The FDA has appointed its first chief artificial intelligence officer, with an eye on supporting the agency’s internal IT systems and potentially accelerating its reviews of medical products.
Jeremy Walsh was named head of IT and AI, according to his post on LinkedIn. The move was first reported by Politico. Walsh previously held the role of chief technologist at Booz Allen Hamilton, managing AI- and cloud-based projects for 14 years at the consultancy.
He joins the agency amid a push from its new commissioner, Martin Makary, to speed up the drug review process. In a post on X this week related to the annual meeting of the American Hospital Association, Makary asked, “Why does it take over 10 years for a new drug to come to market? Why are we not modernized with AI and other things?”
“We’ve just completed our first AI-assisted scientific review for a product and that’s just the beginning,” he added.
Meanwhile, Wired reported this week that FDA officials have been holding early talks with ChatGPT developer OpenAI, led by Walsh, to build an AI program for the agency’s drug reviewers—an offshoot dubbed cderGPT, after the FDA’s Center for Drug Evaluation and Research.
The FDA also announced Thursday that it plans to roll out generative AI programs to reviewers at all three of the agency's centers by the end of June, with the goal of reducing "the amount of non-productive busywork that has historically consumed much of the review process," Makary said in a statement. "I was blown away by the success of our first AI-assisted scientific review pilot."
“There have been years of talk about AI capabilities in frameworks, conferences and panels but we cannot afford to keep talking," he said. "It is time to take action.”
The agency said that by June 30, all centers will be using a single, secure generative AI program integrated with the FDA’s internal data platforms.
“This is a game-changer technology that has enabled me to perform scientific review tasks in minutes that used to take three days,” said Jinzhong Liu, deputy director of CDER's Office of Drug Evaluation Sciences.
The FDA previously consolidated CDER’s AI activities under a single council during the Biden administration, including representatives from all of the center’s offices while replacing its once-separate AI steering committee and policy groups.
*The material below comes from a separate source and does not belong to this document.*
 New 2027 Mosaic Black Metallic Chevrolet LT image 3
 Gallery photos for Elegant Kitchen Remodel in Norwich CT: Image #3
The council was tasked with overseeing how AI is employed by drugmakers within its R&D and regulatory submissions, as well as with exploring how AI programs could be used internally by the agency’s reviewers.
During the major restructuring of the FDA in early April, Vid Desai, the FDA’s chief information officer and head of its Office of Digital Transformation, was laid off along with other senior members of the agency’s IT team.
Editor's note: This story has been updated with the FDA's announcement of its generative AI pilot and expansion.